::: Data in this exercise
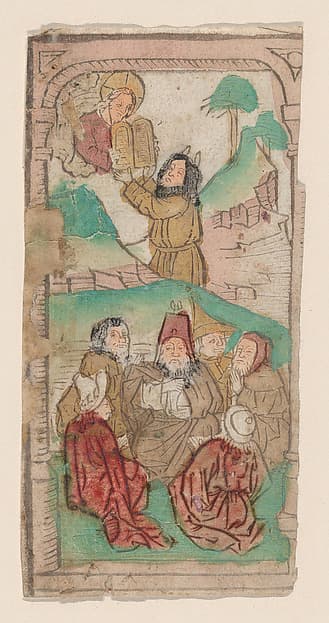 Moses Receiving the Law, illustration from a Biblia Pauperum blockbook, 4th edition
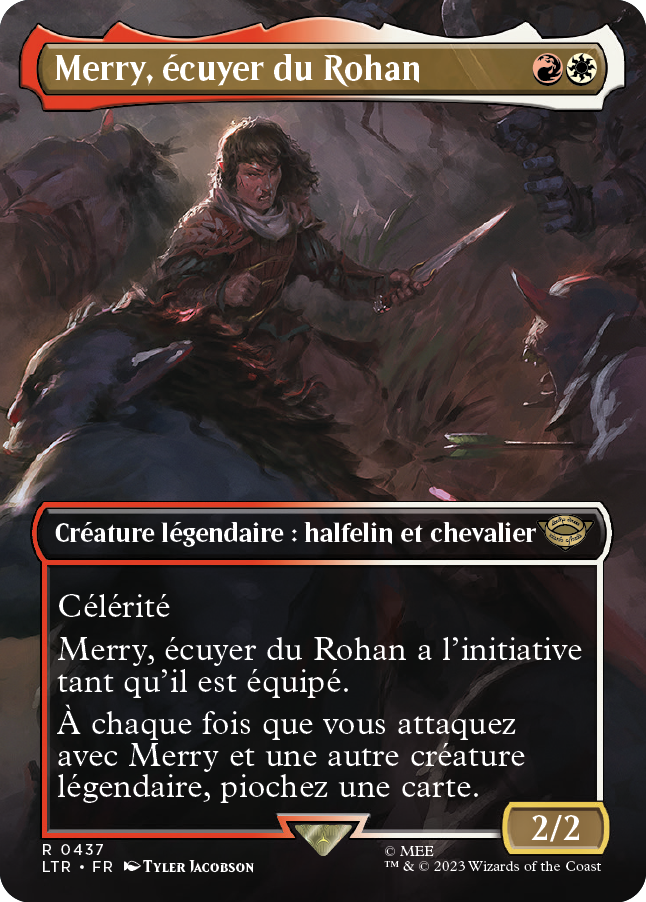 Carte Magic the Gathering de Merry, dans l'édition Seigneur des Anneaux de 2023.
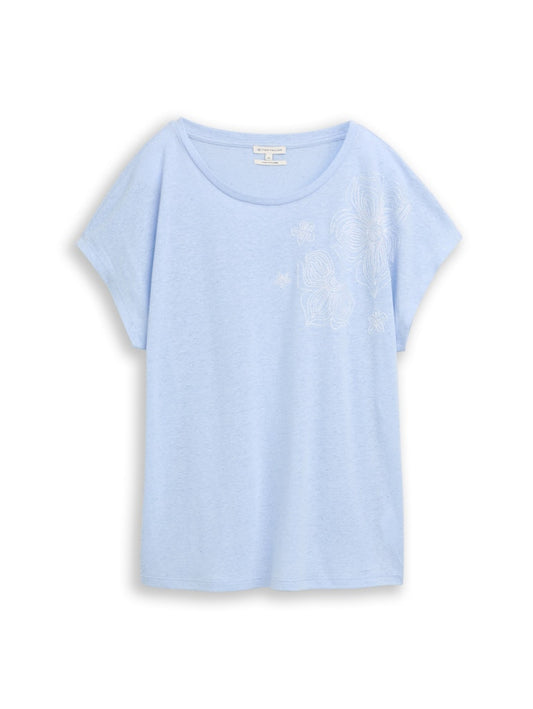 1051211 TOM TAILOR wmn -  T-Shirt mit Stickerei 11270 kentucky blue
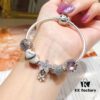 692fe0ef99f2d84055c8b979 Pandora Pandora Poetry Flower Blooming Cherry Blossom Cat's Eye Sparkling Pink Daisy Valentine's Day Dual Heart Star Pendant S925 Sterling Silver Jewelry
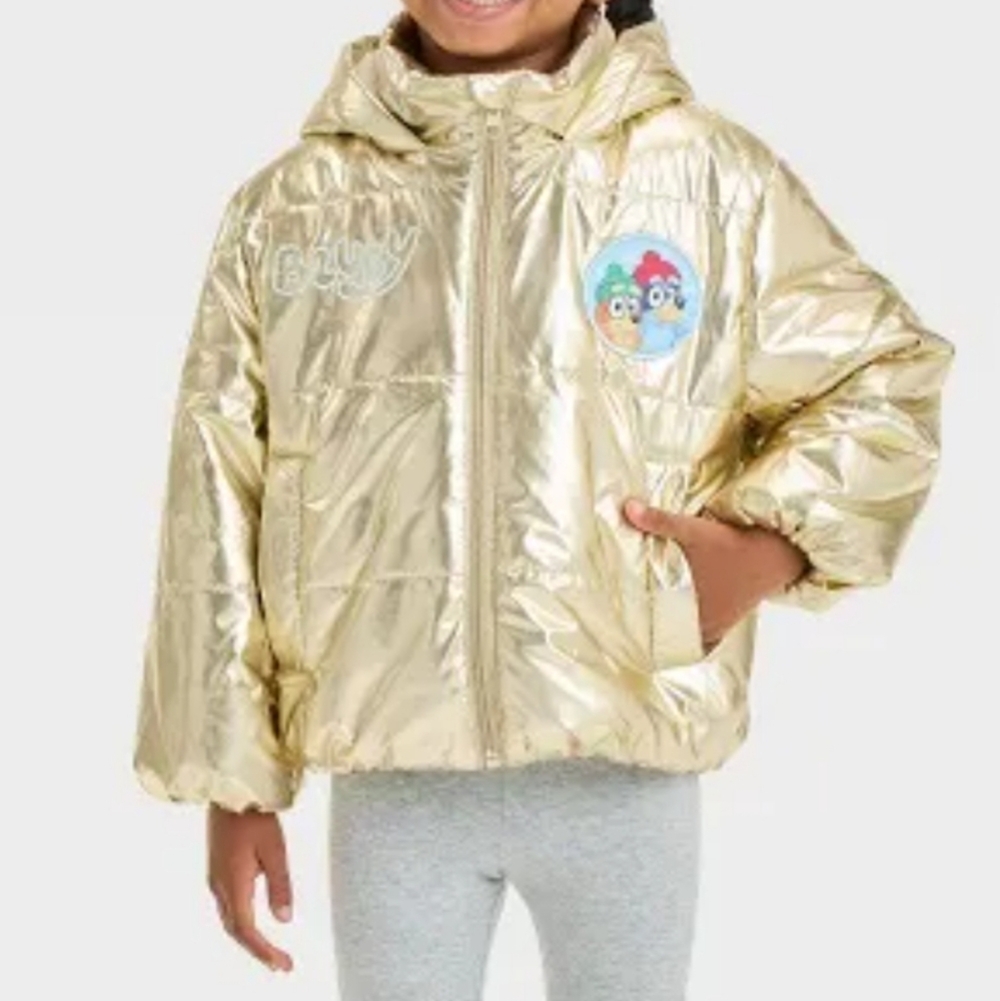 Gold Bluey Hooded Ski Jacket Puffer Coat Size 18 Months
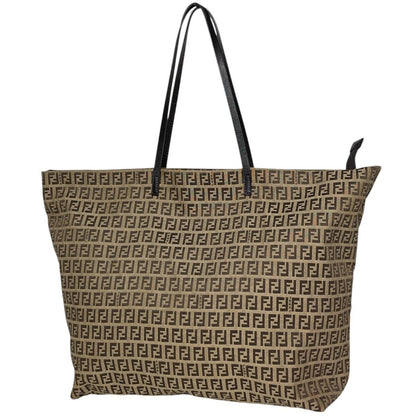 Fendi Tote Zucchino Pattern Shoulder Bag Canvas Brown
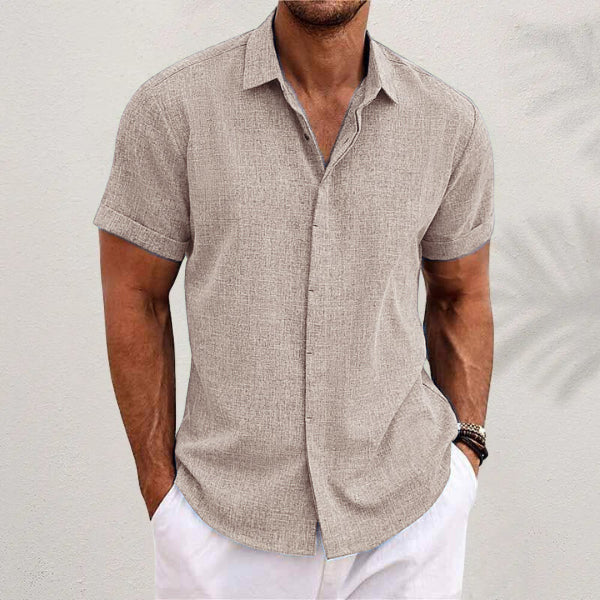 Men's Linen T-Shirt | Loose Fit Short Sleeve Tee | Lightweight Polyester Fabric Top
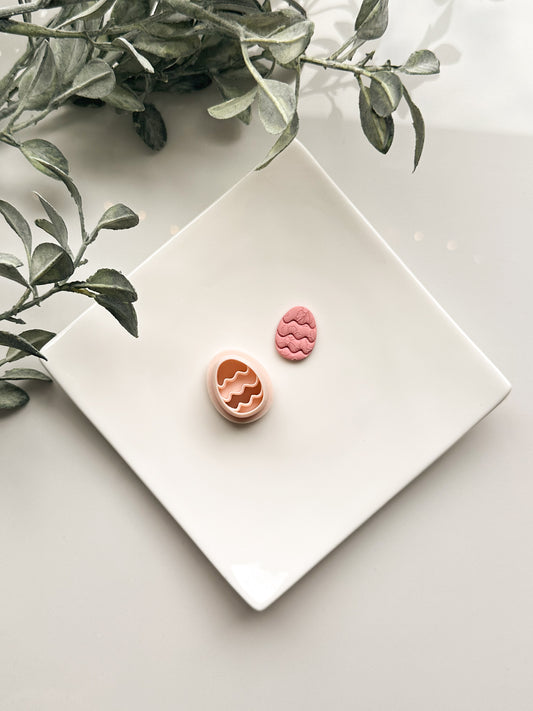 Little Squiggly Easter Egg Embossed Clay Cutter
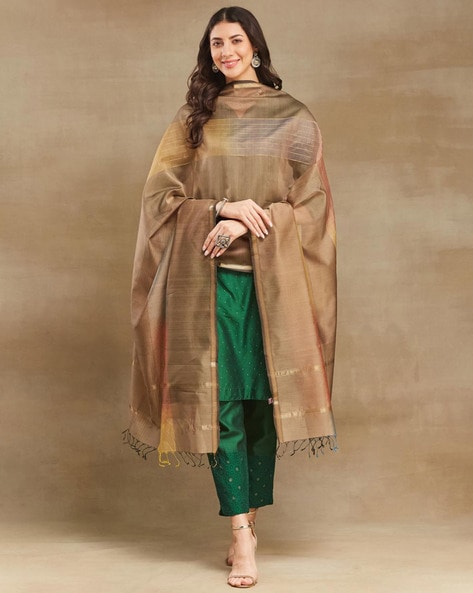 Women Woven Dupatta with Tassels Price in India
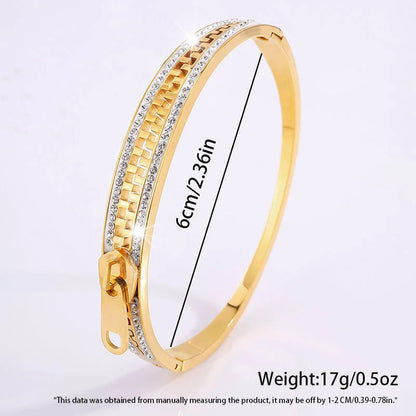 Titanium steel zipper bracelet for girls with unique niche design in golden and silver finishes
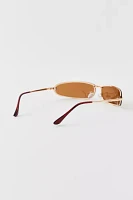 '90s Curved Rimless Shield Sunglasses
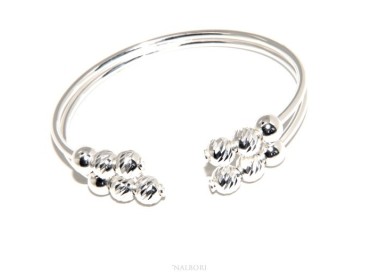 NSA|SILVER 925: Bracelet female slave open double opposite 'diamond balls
::::::
**Task prompt:** Please return exactly the lines above, from where the listing starts to the line holding "Little Squiggly Easter", inclusive, with the pictures omitted.

**Output for this exercise:**
 Moses Receiving the Law, illustration from a Biblia Pauperum blockbook, 4th edition
 Carte Magic the Gathering de Merry, dans l'édition Seigneur des Anneaux de 2023.
 1051211 TOM TAILOR wmn -  T-Shirt mit Stickerei 11270 kentucky blue
 692fe0ef99f2d84055c8b979 Pandora Pandora Poetry Flower Blooming Cherry Blossom Cat's Eye Sparkling Pink Daisy Valentine's Day Dual Heart Star Pendant S925 Sterling Silver Jewelry
 Gold Bluey Hooded Ski Jacket Puffer Coat Size 18 Months
 Fendi Tote Zucchino Pattern Shoulder Bag Canvas Brown
 Men's Linen T-Shirt | Loose Fit Short Sleeve Tee | Lightweight Polyester Fabric Top
 Little Squiggly Easter Egg Embossed Clay Cutter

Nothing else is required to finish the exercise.